Re: Validator timeout and XML-LibXML bug

On Wednesday 09 June 2010, Dominique Hazael-Massieux wrote:
> Hi Ville,

Hi,

> While investigating the source of the report of validator timeout (à la
> [1]), I found your bug report to the XML-libxml maintainers:
> https://rt.cpan.org/Public/Bug/Display.html?id=56671
> which I gather hasn't seen much progress in the past two months.

You're unfortunately right; not even an ack from the maintainer has been 
received.

> * is there an open bug matching this problem in our own bugzilla? I had
> a quick look and didn't find one, but it might be hidden into another
> bug report; if you think there is none, I'll create one

I don't remember if there's a bug report about this in Bugzilla.  But there is 
at least this: http://lists.w3.org/Archives/Public/www-
validator/2010Mar/0019.html

Caution: the following is based on what I remember of the issue, unfortunately 
it's been a while since I've had time to work on the validator or really even 
follow the list, so it might not be completely accurate.

Whenever there's a parse error, XML::LibXML gives us a chain of errors.  This 
chain is initially pointed at the last one in the chain, which often does not 
convey much at all about the actual problem.  We need to iterate the chain 
using $error->_prev() to get to the start of the chain where usually the 
actual error causing the rest of the chained ones is at.

Now, version 1.69 of XML::LibXML fails to provide the entire chain (I don't 
remember if it's always or only in some cases) and we get only the "tail" of 
it which leads to very confusing error messages like in the above mailing list 
message.

Version 1.70 on the other hand does provide the chain, but there are some 
cases that trigger extreme slowness (I gather) at the time it internally 
constructs the chain.

A lot of these errors in practical validator use are due to undefined 
entities, because we don't let XML::LibXML to fetch external entities.  We 
don't let it do that because letting it do so would cause a lot of entity/DTD 
fetching, and a potential security issue.  We could tell it to use XML 
catalogs [0] to get around the first problem; that works and works around the 
slowness issue in the most usual cases, but after that there's still the 
security issue to tackle: XML::LibXML does not have an easy to use option that 
we could use to "jail" it into a specific dir or set of dirs which means it 
could be tricked to load things it shouldn't as external entities [1] [2].

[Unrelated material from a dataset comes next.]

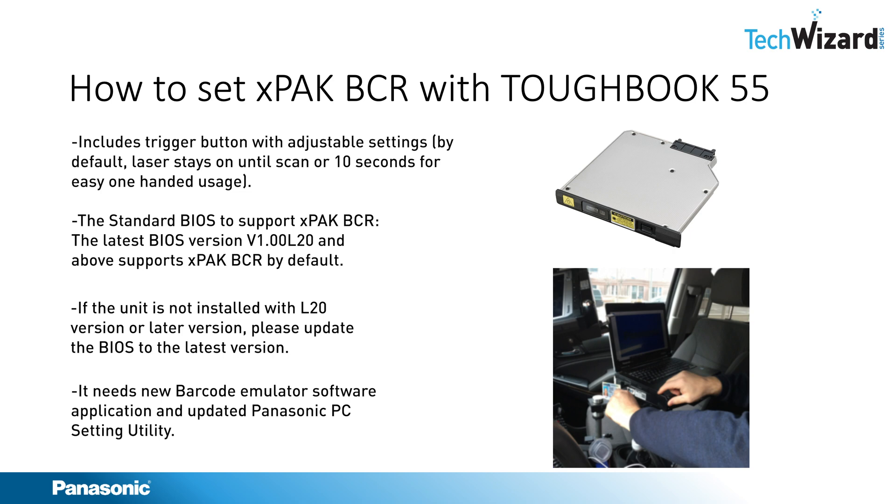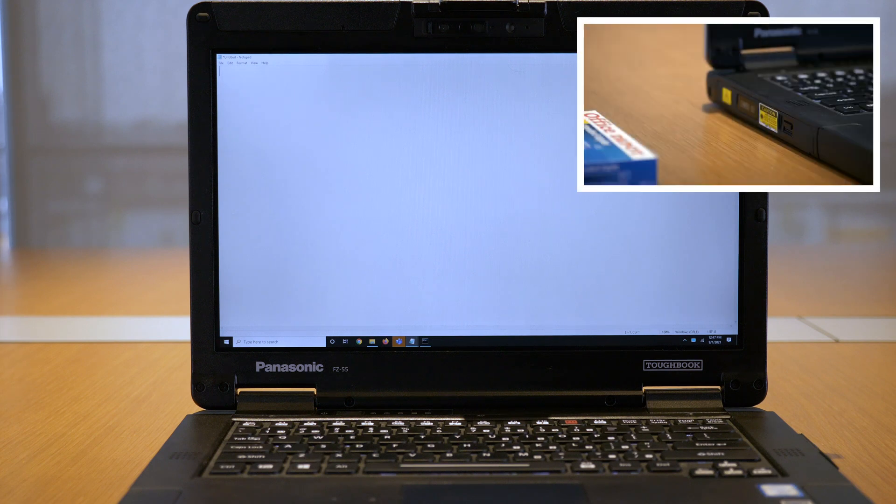Now I'm going to show a demo of how to scan using the X-Pack Barcode Reader installed with the Toughbook 55. I'm going to do the demo with a sample barcode, showing how to read the barcode using the X-Pack Reader. I opened Notepad by pressing the trigger button of the Barcode Reader and was able to get the data from the barcode.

I've tried to use the things XML::LibXML provides for this purpose, and tried 
various ways to avoid entity expansion and/or to get errors resulting from it 
to be ignored, but my experiments have failed.  Unfortunately the exact 
details about the reasons for the failures escape me at the moment and I don't 
seem to have any code from these experiments hanging around that I could check 
:(

> * is this a bug new in 1.70?

I hope the above clarifies this part.

> if so, do you know if reverting to 1.69 is
> an option (i.e. do we rely on APIs that are specific to 1.70?)

If I remember correctly, version 0.8.6 would work with 1.69 (with the above 
caveats about 1.69).  Changes made to the CVS version after the 0.8.6 release 
(validator-0_8_6-release tag in CVS) however require version 1.70.

I don't have a good solution to this problem to offer right now.  Reverting to 
1.69 should fix the slowness, but then again it would cause other problems as 
outlined above; depending on how severe they are an alternative to consider 
could be to just disable the XML well-formedness checks altogether for now.  
There were also XML::LibXML "developer" versions 1.69_1 and 1.69_2 between 
1.69 and 1.70, but I don't remember trying those out myself so I can't say 
much at all about them.

I'll eventually get to revisiting the entity expansion/jailing things with 
XML::LibXML and perhaps even trying out another XML parser, but unfortunately 
I cannot at the moment promise when that would be.

[0] I did a quick hack that generates one from the SGML open catalog we 
currently have, see misc/soc2xml.pl in CVS.
[1] 
http://searchsecuritychannel.techtarget.com/generic/0,295582,sid97_gci1304703,00.htm
[2] http://www.securiteam.com/securitynews/6D0100A5PU.html

Received on Wednesday, 9 June 2010 18:50:15 UTC